8 Tetapi Zakheus berdiri dan berkata kepada Tuhan: “Tuhan, setengah dari milikku akan kuberikan kepada orang miskin dan sekiranya ada sesuatu yang kuperas dari seseorang akan kukembalikan empat kali lipat.”
9 Kata Yesus kepadanya: “Hari ini telah terjadi keselamatan kepada rumah ini, karena orang ini pun anak Abraham.
10 Sebab Anak Manusia datang untuk mencari dan menyelamatkan yang hilang.”
Saya sangat menyukai kisah ini. Pertama-tama karena sosok Zakheus sendiri — ia bukan orang baik. Ia seorang kepala pemungut cukai, yang berarti ia kemungkinan besar sudah menipu banyak orang demi memperkaya diri. Tapi lihat betapa besar keinginannya untuk melihat Yesus! Ia sama sekali tak peduli dengan harga dirinya — ia memanjat pohon hanya agar bisa melihat Yesus lebih jelas.
Dan Yesus? Ia melihat Zakheus dalam posisi yang sangat tidak terhormat itu — dan sama sekali tidak terganggu olehnya. Sebaliknya, Ia memanggil Zakheus untuk segera turun, karena Yesus sendiri yang ingin menumpang di rumahnya!
Siapa yang berani melakukan itu? Mengundang diri sendiri ke rumah orang asing — dan bukan sembarang orang, tapi seorang berdosa besar?
Yesuslah yang melakukannya. Tak heran Zakheus dengan sukacita menerima Dia ke rumahnya. Perjumpaan singkat di bawah pohon itu mengubah seluruh hidupnya.
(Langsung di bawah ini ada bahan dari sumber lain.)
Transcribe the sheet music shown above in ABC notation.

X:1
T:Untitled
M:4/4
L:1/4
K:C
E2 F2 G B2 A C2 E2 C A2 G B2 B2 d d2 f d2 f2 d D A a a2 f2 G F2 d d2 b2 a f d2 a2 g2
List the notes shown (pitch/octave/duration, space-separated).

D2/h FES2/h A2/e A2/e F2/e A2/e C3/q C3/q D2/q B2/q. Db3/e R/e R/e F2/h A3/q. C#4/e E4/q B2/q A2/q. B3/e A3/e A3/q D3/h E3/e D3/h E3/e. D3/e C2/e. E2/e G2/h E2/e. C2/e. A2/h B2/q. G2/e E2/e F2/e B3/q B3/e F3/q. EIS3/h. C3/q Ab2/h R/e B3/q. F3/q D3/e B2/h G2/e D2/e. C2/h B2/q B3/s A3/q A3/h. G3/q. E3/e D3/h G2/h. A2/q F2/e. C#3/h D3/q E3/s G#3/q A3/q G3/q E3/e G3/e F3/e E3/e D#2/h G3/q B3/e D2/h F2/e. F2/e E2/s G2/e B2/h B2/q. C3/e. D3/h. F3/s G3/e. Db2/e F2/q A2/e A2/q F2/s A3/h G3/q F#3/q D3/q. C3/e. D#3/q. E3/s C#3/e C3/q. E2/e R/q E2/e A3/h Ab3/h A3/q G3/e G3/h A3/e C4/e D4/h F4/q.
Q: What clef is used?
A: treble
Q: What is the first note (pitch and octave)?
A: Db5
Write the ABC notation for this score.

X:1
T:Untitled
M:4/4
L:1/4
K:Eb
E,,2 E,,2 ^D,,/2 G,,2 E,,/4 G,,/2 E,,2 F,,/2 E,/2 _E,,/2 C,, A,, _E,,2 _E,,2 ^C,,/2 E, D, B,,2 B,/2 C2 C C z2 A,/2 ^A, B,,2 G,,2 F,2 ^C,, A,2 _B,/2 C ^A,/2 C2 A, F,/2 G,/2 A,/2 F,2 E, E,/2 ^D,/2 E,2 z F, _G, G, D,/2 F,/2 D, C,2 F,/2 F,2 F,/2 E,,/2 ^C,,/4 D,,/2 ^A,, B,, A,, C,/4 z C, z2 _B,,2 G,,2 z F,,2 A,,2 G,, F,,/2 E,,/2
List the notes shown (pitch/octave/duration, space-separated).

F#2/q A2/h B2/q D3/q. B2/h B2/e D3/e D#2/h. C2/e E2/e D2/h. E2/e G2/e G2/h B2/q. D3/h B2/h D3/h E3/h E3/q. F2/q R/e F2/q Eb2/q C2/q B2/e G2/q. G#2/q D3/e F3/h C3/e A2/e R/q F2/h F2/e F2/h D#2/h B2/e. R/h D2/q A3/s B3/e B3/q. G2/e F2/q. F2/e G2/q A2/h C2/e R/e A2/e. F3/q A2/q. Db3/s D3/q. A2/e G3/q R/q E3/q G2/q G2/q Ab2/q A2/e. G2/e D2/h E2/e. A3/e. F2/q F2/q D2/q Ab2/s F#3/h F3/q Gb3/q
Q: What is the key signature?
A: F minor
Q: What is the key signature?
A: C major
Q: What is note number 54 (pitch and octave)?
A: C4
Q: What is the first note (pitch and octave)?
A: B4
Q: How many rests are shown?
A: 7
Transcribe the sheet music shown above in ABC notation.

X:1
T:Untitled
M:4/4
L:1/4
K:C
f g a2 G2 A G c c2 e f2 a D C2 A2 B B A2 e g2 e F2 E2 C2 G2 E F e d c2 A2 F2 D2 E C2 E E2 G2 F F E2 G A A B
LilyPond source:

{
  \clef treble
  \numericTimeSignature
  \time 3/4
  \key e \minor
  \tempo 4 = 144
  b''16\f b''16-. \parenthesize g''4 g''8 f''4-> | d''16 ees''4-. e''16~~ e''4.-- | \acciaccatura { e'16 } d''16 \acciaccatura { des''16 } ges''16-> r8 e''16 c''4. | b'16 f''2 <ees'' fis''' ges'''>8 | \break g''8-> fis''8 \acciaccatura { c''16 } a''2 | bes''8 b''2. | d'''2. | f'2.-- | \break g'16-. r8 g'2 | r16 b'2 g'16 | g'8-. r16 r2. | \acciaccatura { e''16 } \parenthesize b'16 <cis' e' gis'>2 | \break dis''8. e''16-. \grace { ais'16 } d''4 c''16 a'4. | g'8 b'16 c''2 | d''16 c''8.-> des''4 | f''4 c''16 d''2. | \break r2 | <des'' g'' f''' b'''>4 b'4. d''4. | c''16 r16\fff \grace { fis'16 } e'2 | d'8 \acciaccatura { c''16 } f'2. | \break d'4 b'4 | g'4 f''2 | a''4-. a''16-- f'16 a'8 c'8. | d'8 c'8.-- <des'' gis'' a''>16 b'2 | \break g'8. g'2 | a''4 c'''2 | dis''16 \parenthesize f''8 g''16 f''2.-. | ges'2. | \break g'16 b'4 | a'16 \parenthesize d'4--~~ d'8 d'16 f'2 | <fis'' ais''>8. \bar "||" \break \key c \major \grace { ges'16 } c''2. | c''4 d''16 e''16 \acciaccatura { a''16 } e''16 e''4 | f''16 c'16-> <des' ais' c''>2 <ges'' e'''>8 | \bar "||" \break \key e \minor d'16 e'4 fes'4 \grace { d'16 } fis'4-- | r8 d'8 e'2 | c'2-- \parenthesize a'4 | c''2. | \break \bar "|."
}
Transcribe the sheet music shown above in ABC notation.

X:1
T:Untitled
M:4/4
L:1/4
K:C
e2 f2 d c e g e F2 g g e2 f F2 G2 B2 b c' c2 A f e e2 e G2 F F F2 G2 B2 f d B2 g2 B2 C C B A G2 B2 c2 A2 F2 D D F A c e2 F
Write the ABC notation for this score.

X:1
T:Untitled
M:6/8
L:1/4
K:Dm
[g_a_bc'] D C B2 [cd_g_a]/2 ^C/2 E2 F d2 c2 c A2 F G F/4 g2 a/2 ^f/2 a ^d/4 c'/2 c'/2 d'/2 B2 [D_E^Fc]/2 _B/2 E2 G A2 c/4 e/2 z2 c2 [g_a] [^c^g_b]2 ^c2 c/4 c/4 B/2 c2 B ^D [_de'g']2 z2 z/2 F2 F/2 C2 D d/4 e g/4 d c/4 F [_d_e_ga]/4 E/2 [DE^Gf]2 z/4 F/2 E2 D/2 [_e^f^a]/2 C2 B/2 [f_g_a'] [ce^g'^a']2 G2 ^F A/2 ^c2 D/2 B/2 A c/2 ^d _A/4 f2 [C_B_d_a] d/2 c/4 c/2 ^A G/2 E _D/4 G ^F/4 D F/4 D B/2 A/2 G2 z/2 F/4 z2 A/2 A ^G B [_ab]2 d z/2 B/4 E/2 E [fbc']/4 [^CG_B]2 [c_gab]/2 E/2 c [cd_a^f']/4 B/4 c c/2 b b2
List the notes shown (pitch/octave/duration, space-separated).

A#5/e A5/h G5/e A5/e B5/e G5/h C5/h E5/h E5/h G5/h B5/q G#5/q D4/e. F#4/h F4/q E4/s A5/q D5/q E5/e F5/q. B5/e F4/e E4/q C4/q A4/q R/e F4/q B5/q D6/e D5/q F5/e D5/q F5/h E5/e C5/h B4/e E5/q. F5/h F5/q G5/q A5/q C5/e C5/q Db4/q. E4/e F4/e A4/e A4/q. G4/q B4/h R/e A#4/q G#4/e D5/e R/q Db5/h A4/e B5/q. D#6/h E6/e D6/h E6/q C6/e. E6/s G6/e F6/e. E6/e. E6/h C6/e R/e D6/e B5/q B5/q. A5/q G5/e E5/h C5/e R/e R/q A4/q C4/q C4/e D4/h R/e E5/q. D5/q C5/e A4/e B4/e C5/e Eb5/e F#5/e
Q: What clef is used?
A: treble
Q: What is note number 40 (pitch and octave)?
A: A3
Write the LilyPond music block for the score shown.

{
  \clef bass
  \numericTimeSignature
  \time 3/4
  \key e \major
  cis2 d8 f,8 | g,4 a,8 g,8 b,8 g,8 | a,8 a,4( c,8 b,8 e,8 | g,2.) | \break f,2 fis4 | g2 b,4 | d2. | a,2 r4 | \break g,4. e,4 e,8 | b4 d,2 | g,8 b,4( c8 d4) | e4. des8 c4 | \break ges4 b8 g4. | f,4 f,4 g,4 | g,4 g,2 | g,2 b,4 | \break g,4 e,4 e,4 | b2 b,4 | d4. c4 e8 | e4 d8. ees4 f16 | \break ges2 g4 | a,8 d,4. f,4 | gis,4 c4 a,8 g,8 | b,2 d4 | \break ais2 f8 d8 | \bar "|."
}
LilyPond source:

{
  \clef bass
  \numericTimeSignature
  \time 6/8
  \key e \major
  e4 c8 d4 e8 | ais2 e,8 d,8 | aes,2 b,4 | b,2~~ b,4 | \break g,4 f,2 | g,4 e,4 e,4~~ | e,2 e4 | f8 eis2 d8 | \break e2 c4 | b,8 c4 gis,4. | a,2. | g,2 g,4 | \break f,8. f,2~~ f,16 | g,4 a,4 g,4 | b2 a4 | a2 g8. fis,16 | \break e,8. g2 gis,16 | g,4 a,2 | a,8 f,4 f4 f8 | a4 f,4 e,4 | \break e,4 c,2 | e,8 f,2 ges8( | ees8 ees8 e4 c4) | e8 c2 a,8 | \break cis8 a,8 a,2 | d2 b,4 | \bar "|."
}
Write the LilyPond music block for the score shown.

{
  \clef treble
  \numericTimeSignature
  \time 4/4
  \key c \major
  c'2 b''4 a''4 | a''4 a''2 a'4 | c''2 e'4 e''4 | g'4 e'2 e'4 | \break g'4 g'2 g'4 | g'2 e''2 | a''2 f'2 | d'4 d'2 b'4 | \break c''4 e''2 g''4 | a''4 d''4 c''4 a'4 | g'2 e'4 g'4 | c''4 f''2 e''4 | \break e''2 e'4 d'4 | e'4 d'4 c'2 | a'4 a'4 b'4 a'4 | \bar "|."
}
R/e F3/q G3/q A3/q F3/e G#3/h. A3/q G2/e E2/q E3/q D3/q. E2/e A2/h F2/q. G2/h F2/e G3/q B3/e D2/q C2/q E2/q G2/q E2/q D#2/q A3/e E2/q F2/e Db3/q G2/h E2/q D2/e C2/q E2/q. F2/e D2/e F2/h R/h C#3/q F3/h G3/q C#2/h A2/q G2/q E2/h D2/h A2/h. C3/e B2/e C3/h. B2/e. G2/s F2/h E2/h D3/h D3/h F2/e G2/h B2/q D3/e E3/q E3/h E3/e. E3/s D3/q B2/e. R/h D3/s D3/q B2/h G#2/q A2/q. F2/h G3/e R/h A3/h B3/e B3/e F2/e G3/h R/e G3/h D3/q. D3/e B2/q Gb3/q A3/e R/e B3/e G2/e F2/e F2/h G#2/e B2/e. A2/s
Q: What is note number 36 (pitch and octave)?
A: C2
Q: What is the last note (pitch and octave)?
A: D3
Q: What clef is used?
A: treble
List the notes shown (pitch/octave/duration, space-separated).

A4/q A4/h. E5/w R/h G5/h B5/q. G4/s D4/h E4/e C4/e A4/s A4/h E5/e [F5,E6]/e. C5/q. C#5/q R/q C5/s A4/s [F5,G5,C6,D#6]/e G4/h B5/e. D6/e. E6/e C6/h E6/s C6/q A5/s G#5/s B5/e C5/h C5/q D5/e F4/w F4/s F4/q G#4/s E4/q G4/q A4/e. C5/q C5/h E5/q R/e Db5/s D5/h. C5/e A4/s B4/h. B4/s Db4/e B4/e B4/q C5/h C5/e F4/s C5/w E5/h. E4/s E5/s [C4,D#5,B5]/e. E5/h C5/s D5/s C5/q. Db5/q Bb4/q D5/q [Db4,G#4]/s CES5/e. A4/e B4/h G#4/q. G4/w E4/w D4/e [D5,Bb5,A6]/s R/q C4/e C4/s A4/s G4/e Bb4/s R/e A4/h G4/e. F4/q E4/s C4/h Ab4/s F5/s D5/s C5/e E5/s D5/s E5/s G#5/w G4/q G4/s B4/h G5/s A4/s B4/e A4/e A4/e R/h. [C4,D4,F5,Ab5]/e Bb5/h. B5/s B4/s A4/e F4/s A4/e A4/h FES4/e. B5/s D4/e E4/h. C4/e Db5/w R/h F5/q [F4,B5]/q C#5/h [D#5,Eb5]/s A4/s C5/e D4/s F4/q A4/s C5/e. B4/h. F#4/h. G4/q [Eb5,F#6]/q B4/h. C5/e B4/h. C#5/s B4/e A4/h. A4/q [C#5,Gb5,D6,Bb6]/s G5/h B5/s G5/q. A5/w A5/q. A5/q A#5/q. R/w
Begitu Yesus masuk ke rumahnya, Zakheus pun membersihkan isi hatinya. Ia mengakui dosanya dan berjanji memperbaikinya. Dan Yesus bersukacita, karena satu lagi orang yang tersesat kini telah ditemukan dan diselamatkan.
Saya juga menyukai kisah ini karena begitulah cara Yesus memperlakukan saya. Ia tidak menjauh ketika menemukan saya dalam keadaan memalukan, hina, dan tak layak. Ia memanggil saya keluar dari situ — karena Ia ingin tinggal di rumah saya juga! Bagaimana mungkin saya menolak kasih yang begitu besar?
Tapi kisah ini tidak berhenti di situ. Yesuslah yang akhirnya tergantung di pohon salib — pohon lain — demi saya. Kematian dan kebangkitan-Nya telah mengubah hidup saya selamanya. Sekarang saya memiliki tempat di rumah Yesus sendiri, bersama semua orang yang telah diampuni dan dipulihkan untuk selama-lamanya.
DOA: Terima kasih, Tuhan, karena Engkau mau datang dan tinggal bersamaku. Terima kasih karena Engkau telah menjadikanku milik-Mu. Amin.
Pertanyaan Refleksi:
- Mengapa menurutmu Yesus justru mengundang diri-Nya sendiri ke rumah Zakheus, bukan menunggu undangan darinya?
- Jika Yesus datang ke rumahmu hari ini, apa yang akan saudara lakukan untuk-Nya?
- Menurutmu, apakah perubahan dalam diri Zakheus bersifat permanen? Mengapa demikian?